One Jellybean

The gap between loneliness and friendship can be closed by something very small.

Jellybeans. Photo from from 123RF(r).

I used to be a shy girl. Like, “Whoa! Where did you come from?” quiet. People didn’t notice me until I was right next to them. Don’t get me wrong. I had friends, but when it came to school, my teachers could rarely describe the sound of my voice. That all changed one day. All it took was one jellybean.

I was 7 years old, and my mom’s childhood friend and her family were visiting us from Tennessee. She had a son around my age. My mother arranged for him to visit my first grade class for a few hours on the day they were going home.

They were leaving at 10 a.m. so I had  just enough time to show off my new friend to my classmates. Everyone crowded around him as he walked in the door with me, as if he were a celebrity. All the other kids talked to him, and because I had brought him, I was front and center, not my usual quiet, off-to-the-side self.

Toward the middle of the morning, my teacher announced we were going to play “The Jellybean Game.” In this game, students sat and, one-by-one, the teacher asked a question. If you got the question right, your reward was a jellybean.

Everyone sat in his or her assigned seat in alphabetical order. My friend sat next to me. Our teacher usually started at the front of the room and worked her way to the back. Since my last name started with “C”, I knew I would receive a jellybean before my friend left.

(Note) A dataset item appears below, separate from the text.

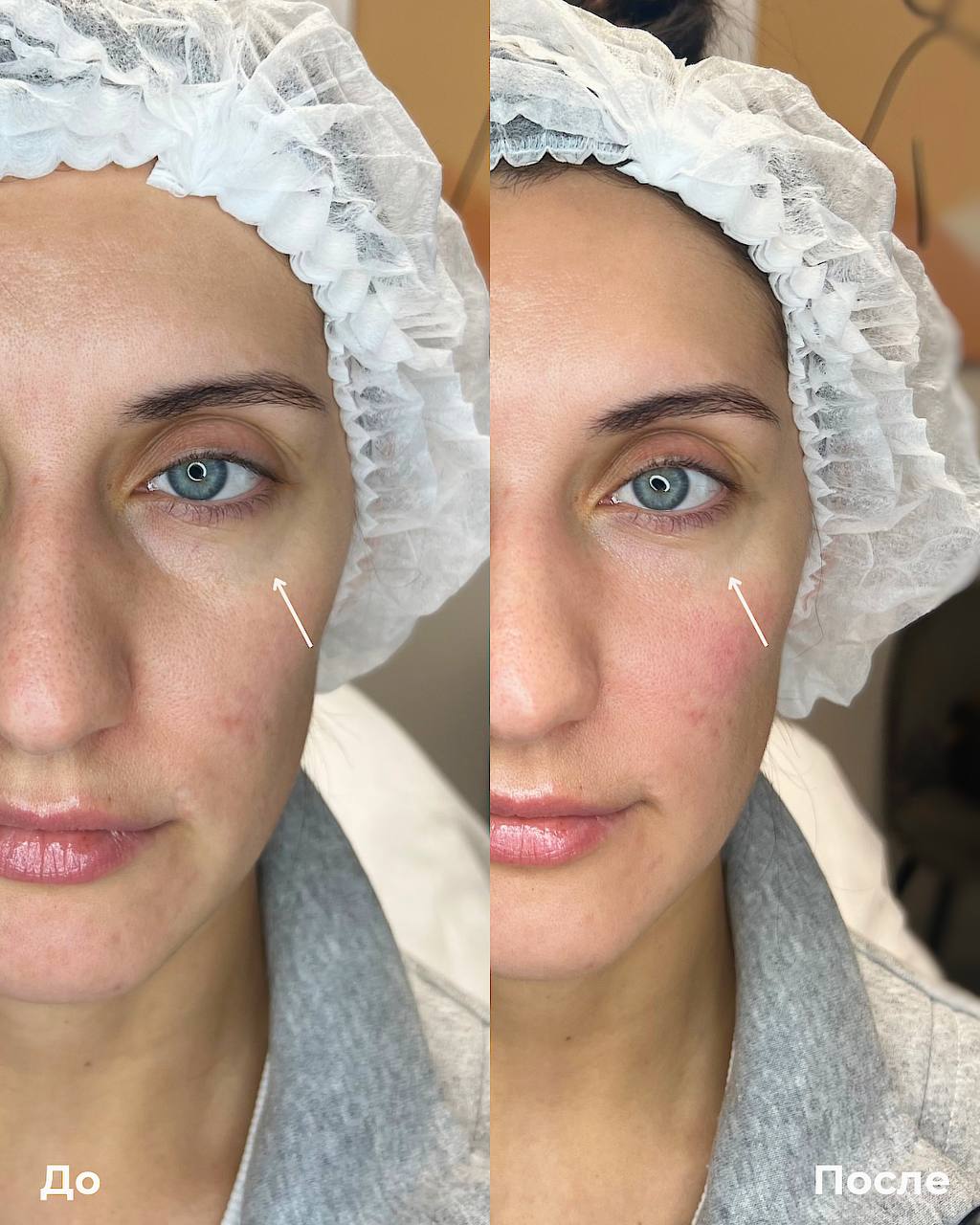 Коррекция темных кругов под глазами фото 3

This was good, because as a token of lasting friendship, I wanted to give my jellybean to my friend. I wanted him to forever remember me as the girl who gave him candy.  

Things didn’t go according to plan. Instead of her usual method of starting at the front of the class with the “A” last names, my teacher decided to start at the back of the class. I was upset.

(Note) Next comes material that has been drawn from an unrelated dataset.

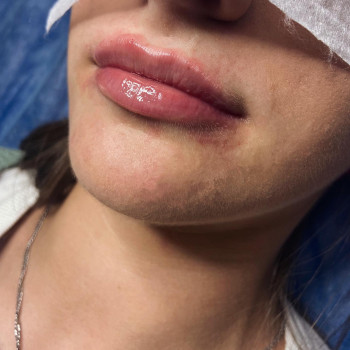 Катерина Якимович, Ивано-Франковск Фото - 8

My mom’s friend was going to be there in 10 minutes to pick up her son. There wouldn’t be enough time to give him my jellybean. I started cryingnot a whimpering cry but a sobbing, loud cry.

The classroom was in chaos because of my out-of-character behavior. In the middle of all this, my friend’s mother arrived, and he leftwithout my jellybean. I was heartbroken.

As an adult, I still remember how I felt when my new friend left without receiving what I thought would be a sweet gift.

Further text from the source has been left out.